Sultanahmet cezaevi’nde başlattığı Kuvayi Milliye adlı Kurtuluş Savaşı Destanı’nı Çankırı’da sürdürdü Nazım. Bir yandan da 1950 yılına gelindiğinde on dokuz bin dizeye ulaşacak olan ’’Memleketimden İnsan Manzaraları’’nı yazmaya başlamıştı. Üç yüz farklı insanı betimlediği Memleketimden İnsan Manzaraları Türkiye’nin o günkü sosyal konumunu nesnel bir bakış açısıyla gözler önüne sergiler. Nazım’ın Komünist ;ama yurtsever kişiliğinin belirgin izlerini taşıyan Kurtuluş Savaşı Destanı ise Bağımsızlık Savaşı’mızın en güzel, en gerçekçi destanıdır.
Nazım’ın en güzel şiirlerinden biri de ’’Saman Sarısı’’dır. Nazım, Saman Sarısı şiirini son eşi Vera Tulyakova’ya yazdı. Tanıştıklarında Nazım 55 Vera ise henüz 24 yaşındaydı. Çok güzel bir kadındı Vera! Aşık olunacak bir kadındı; ’’saçları saman sarısı, kirpikleri mavi...’’
Kuşkusuz başka aşkları da oldu Nazım’ın; Piraye’den Semiha Berksoy’a, Nüzhet’ten Münevver’e kadar...Şairdi, şairler de severdi diğer insanlar gibi...
Hayatı sürgünlerde, hapislerde, acılar içinde geçen Nazım 3 Haziran 1963’te; sabahın ilk saatlerinde geçirdiği kalp krizi sonucunda öldü. ’’Anadolu’da bir köy mezarlığına gömün beni’’ diyecek kadar alçak gönüllü olan bu büyük şair, yurdundan uzakta Moskova’daki Novadevichy Mezarlığında yatıyor.

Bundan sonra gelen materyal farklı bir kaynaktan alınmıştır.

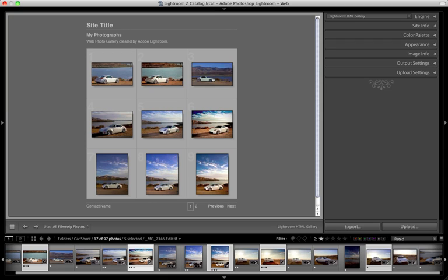This is Matthew Campagna from TheTurningGate.net and this is the first in a series of video tutorials in which I'm going to walk you through how to create various types of web galleries using TTG High Slide Gallery Pro.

Sonuç olarak, sanatında toplum gibi muhafazakarlaştırılmaya çalışıldığı ülkemizde Nazım’ın değeri gün be gün artıyor. Her şeyi yapmaya muktedir olduklarının sarhoşluğuna kapılan kapitalist İslamcıların toplumu kültürel alanda kucaklayarak seçenek yaratmaları mümkün değil. Muhafazakar sanat, dondurulmuş bir yaşam biçimini kendine malzeme yapar. Sanat, doğal akışına ters bir mecrada gelişemez; sanat değişim demektir. Güç olarak iktidarları arkalarına alan sanatçıların saray soytarılarından farkı yoktur. İktidarlar sanatın eğlence olduğunu iddia ederler. Yalandır. Nazım Hikmet, eğlence olsun diye şiirler yazmamış, şiirleri nedeniyle hapislerde yatmıştır. Sanat üretmek, şiir yazmak, kitap okumak, müzik dinlemek, heykel yapmak biz insanoğlunu hayvanlardan ayıran belki de en biricik özelliğimizdir. Kamusal alanlarını alabildiğine sanata açan toplumlar daha demokratik, daha insancı toplumlardır.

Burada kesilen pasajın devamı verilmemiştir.